REQUIREMENT -> Among the entries below, find the line with "Half-Day Pashupatinath Temple", then quote it and each following line up to and including the line with "New York Yankees", and nothing else.

GIVEN ENTRIES ->

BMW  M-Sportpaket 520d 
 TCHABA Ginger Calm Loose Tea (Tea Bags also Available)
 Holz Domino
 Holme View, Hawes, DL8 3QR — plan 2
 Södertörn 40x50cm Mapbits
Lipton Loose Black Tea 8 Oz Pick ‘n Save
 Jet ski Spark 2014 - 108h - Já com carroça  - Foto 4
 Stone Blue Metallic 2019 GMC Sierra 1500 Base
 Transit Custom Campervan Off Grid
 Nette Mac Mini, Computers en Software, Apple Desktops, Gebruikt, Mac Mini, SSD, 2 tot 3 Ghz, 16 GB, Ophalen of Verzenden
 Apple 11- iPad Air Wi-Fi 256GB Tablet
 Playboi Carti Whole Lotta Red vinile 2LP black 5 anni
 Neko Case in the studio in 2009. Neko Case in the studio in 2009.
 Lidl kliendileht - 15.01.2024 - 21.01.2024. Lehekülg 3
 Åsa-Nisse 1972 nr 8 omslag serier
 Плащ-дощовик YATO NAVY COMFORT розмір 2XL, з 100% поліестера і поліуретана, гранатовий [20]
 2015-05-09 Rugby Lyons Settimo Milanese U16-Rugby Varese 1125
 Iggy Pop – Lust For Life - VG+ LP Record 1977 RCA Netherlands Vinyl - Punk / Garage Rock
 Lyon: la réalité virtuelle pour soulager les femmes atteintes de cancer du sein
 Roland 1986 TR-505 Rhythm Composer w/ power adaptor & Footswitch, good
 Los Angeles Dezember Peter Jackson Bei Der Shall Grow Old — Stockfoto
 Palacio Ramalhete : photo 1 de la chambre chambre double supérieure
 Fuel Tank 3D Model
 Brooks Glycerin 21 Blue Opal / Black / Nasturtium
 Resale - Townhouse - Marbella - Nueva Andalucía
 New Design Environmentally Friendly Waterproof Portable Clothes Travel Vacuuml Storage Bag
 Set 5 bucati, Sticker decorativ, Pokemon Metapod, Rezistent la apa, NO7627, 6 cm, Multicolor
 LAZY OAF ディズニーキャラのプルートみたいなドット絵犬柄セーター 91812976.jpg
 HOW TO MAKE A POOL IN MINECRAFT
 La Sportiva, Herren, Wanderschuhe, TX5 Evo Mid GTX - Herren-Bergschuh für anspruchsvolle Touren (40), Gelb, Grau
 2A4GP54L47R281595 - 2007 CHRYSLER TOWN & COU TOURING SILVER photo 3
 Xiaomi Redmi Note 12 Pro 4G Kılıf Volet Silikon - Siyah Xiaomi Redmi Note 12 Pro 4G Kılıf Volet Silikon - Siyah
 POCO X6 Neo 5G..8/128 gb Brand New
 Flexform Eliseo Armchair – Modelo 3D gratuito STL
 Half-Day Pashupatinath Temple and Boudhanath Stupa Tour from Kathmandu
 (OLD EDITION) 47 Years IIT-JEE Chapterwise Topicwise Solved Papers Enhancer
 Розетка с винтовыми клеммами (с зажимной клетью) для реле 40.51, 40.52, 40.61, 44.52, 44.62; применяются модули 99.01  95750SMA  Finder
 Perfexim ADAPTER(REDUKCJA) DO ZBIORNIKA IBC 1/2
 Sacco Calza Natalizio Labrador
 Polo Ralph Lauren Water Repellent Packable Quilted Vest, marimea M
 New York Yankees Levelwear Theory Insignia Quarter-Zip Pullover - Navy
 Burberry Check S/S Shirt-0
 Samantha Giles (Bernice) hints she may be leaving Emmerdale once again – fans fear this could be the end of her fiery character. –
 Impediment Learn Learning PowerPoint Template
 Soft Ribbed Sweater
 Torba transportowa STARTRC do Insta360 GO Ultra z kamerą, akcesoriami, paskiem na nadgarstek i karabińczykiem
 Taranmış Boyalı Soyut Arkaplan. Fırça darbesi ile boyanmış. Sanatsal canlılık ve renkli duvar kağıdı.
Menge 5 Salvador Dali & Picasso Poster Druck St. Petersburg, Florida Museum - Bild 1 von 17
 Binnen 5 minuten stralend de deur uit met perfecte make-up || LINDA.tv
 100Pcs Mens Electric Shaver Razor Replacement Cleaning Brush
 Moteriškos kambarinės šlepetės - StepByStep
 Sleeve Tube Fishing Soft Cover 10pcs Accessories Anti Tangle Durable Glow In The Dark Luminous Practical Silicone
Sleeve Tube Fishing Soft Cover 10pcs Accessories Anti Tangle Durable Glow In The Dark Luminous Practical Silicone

TASK ANSWER ->
 Half-Day Pashupatinath Temple and Boudhanath Stupa Tour from Kathmandu
 (OLD EDITION) 47 Years IIT-JEE Chapterwise Topicwise Solved Papers Enhancer
 Розетка с винтовыми клеммами (с зажимной клетью) для реле 40.51, 40.52, 40.61, 44.52, 44.62; применяются модули 99.01  95750SMA  Finder
 Perfexim ADAPTER(REDUKCJA) DO ZBIORNIKA IBC 1/2
 Sacco Calza Natalizio Labrador
 Polo Ralph Lauren Water Repellent Packable Quilted Vest, marimea M
 New York Yankees Levelwear Theory Insignia Quarter-Zip Pullover - Navy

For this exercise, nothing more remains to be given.